山嵐天上天下龍我独尊

 石山通に沿いの“藤野エリア”は、“澄川・平岸エリア”と並ぶラーメン激戦区。この石山通沿いに、昨年 「山嵐(→ 札幌グルメバイブル・ラーメンの頁を参照)」 の2番目の支店(正確には1店閉店したので3番目の支店)が出来た。この店の特徴は、本店の「山嵐」と昼・夜2つの顔を持つ1番目の支店「山嵐黒虎(昼)・山嵐雷文(夜)」、そして閉店した「札幌ちゃんぽん 股旅」の3店のいいとこ取りと言おうか、集大成を味わえる店なのである。それはメニューを見れば一目瞭然で、「山嵐」を代表するラーメン「白スープと海スープ(この店では豚骨らーめんと三代目 海)」、「山嵐雷文」の「あぶら中華そば」、そして「札幌ちゃんぽん 股旅」の「札幌ちゃんぽん(この店では豚骨タンメン・白タン)」と「サンギ(この店では藤野ザンギ)」をそれぞれオマージュした進化形が味わえるのだ。外観は黒っぽい現代的なデザインで、テーブル席が2つとゆったりとした間隔のカウンターが6席ある。店内にはジャズが流れていて、モダンなラーメン店である。先ずは食券機でラーメンを選び、席に着く。 
 本店の「海スープ」は、「白スープ」に魚粉が入ったような味であるが、この店の「三代目 海」は、魚粉を用いずに鰹節(本枯れ節)と黒いマー油(焦がしニンニク油)を用いている。また、本店が太麺を使用しているのに対し、この店の麺は 「men-eiji HIRAGISHI BASE」 を彷彿させるコシのある中細ストレート麺なのである。全体的なイメージとしては、「山嵐」のラーメンを熊本ラーメン風に進化させたものと考えれば分かりやすい。ちなみに、この「三代目 海」が僕の一押しである。「豚骨らーめん」にもマー油が入っており、麺は同じ中細ストレート麺でなかなか良い。 
 「豚骨タンメン・白タン」は、前述のようにどこかで食べた味だと思ったら、「札幌ちゃんぽん 股旅」で食べたあの味そのもの。白湯トンコツスープ(恐らく海のスープ)に、炒められた白菜やキャベツなどがタップリ入った豚骨タンメンなのである。麺は「さがみ屋製麺」の太麺を使用している。
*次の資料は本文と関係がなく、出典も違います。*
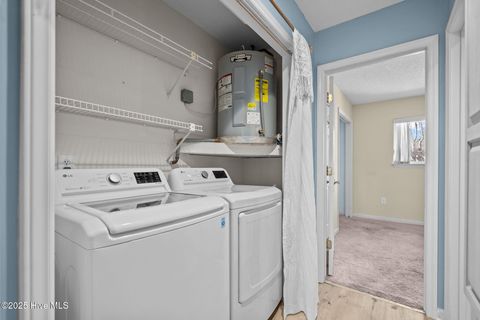 Tiny photo for 936 Summerlin Falls Court, Wilmington, NC 28412 (MLS # 100544988)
野菜炒めの油が円やかなスープに微妙にマッチしていない気もするが、全体的にはまとまっていて美味しい。これに対し、「白タン」にタップリの赤唐辛子が入った「赤タン」は、「白タン」の違和感を上手く補っており、これも僕のお勧めである。辛さはそれほどではなく中辛程度。「札幌ちゃんぽん 股旅」のザンギは通常のザンギだったが、この店の「藤野ザンギ」はかなり大ぶりだ。ジューシーで美味しいが、外側の衣が硬く、お勧めと言うほどでない。そのままでも十分味が付いているが、特製タレをかけて食べると、中華の「油淋鶏(ユーリンチー)」のような別な味となる。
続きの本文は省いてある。